宮脇氏は門司港駅から門司駅、小倉駅、折尾駅、直方駅と通過しているが、現在もこの経路で行くのが妥当と思われる。なお、ここで登場する全駅、JR九州の駅として現存する。
■ 2万キロ#3章
2万キロでは伊田線に以下の記述がある。
伊田線は複雑で、しかも、がっしりとしたレールが敷かれ、
とある。伊田線を走っているとレールだけでなく、がんじょうな鉄橋にも出くわす。
廃線近い路線であったわりには複線である。
このあたりは産炭地であり、石炭などの重量物を運ぶにはがっしりとした線路や鉄橋でないと線路などはもたなかったと思われる。
〓 伊田線への乗線
【 伊田線 】
S:直方駅
G:伊田駅
##宮脇氏、直方駅から伊田駅へ
■ 2万キロ#3章
直方駅を通過し、伊田駅に到着する。この時点で伊田線の完乗となる。
宮脇氏は門司港駅を14:42に出発し、伊田駅に16:00に到着している。1時間20分前後の乗車である。
現在、同じルートであると、ダイヤにもよるが1時間45分から2時間10分ほどかかる。
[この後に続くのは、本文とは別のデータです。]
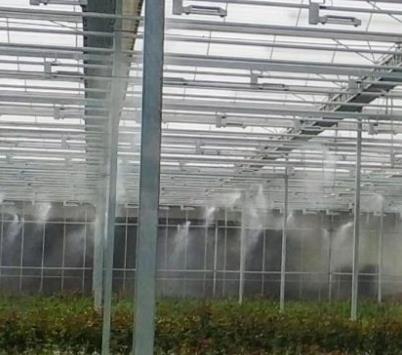 Misting and Humidification in Greenhouse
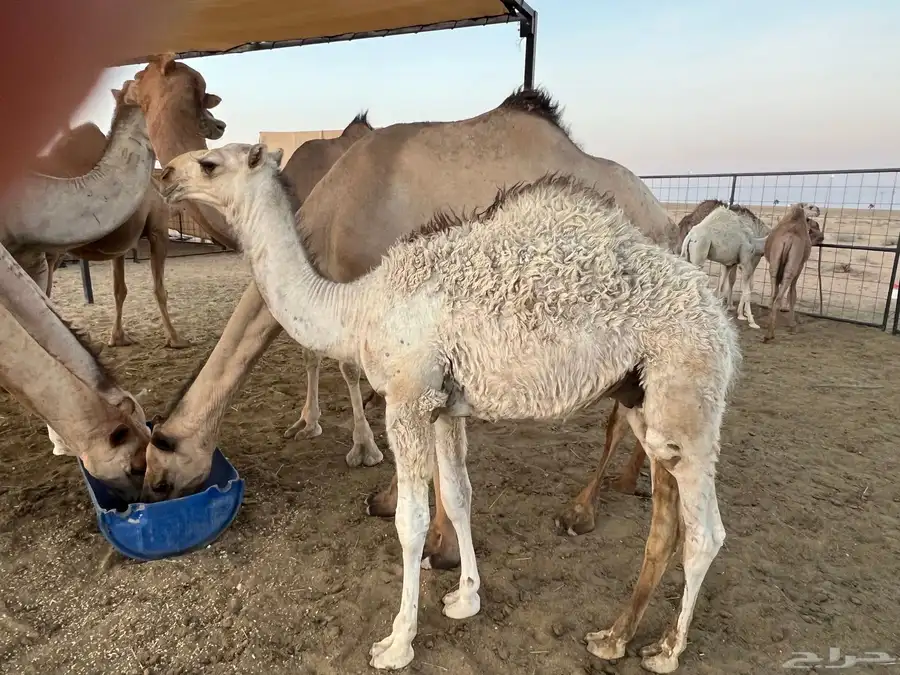 حشو فاخرة للبيع 1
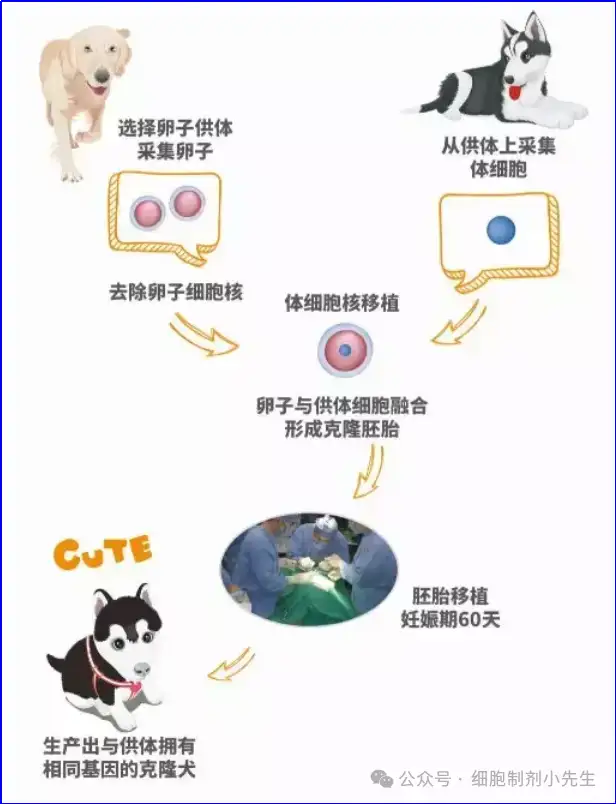 v2-a56781f5e76dd156598688052ad66c2d_1440w.webp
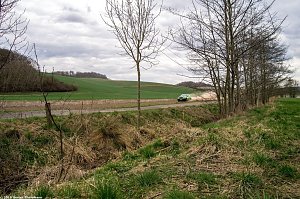 Roland-Rallye bei Bleicherode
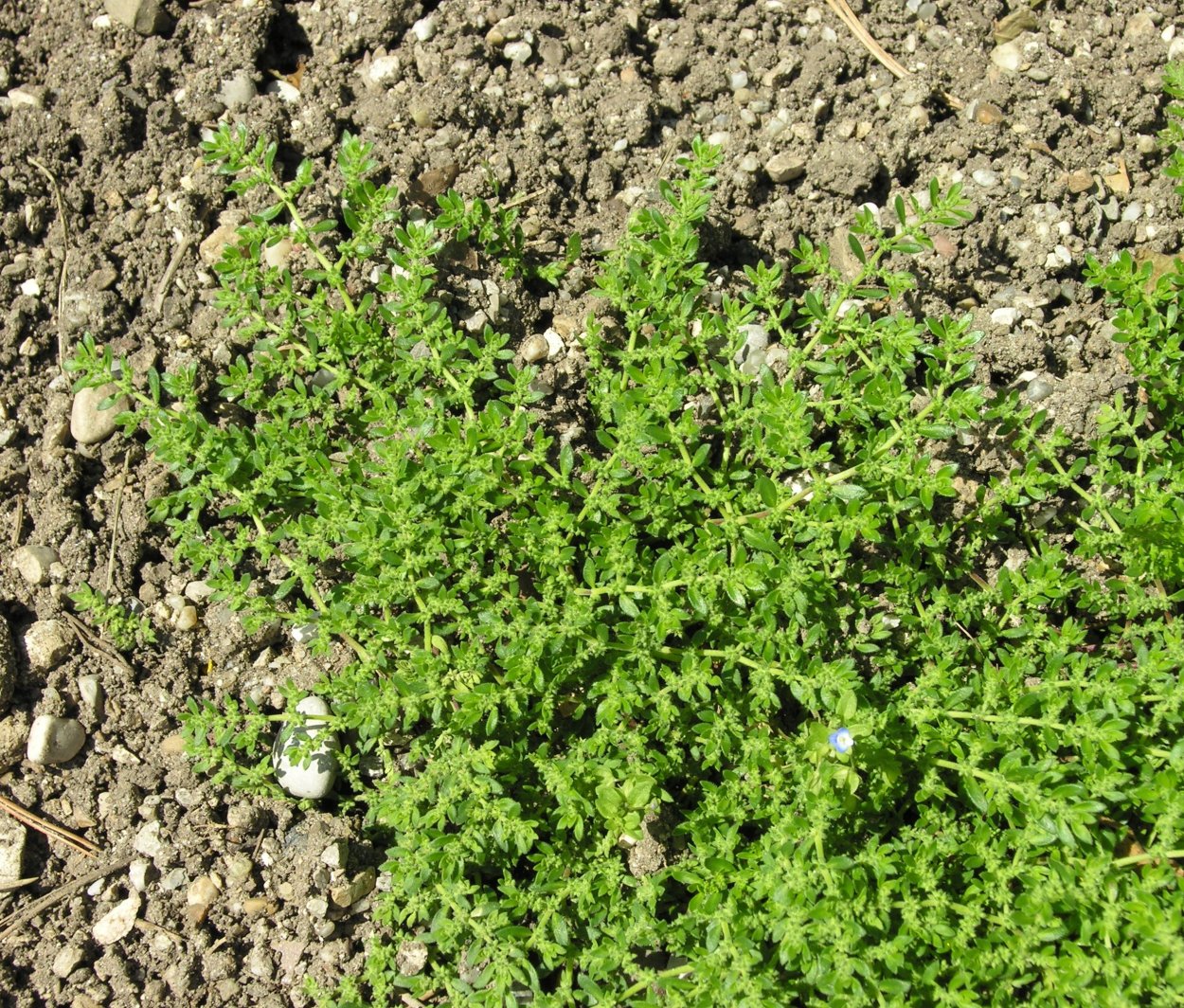 Грыжник многобрачный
宮脇氏は急行はんだに乗車したが、現在、同急行はなくおなじく現在、JR九州では急行そのものの運行がない。
〓 伊田線完乗@16:00伊田駅到着にて
伊田線:廃線
【読み:いたせん】
起点:直方駅
終点:伊田駅
駅数:15
##引き続き乗車して後藤寺駅に向かう
〓 日田彦山線への乗線②
【 日田彦山線 】
S:城野駅
G:夜明駅
■ 2万キロ#3章
伊田駅到着で伊田線は完乗した。当時の伊田駅は現在の田川伊田駅。
宮脇氏は伊田駅で下車せず、そのまま後藤寺駅、添田駅と乗車を続ける。後藤寺駅も田川後藤寺駅という駅名になる。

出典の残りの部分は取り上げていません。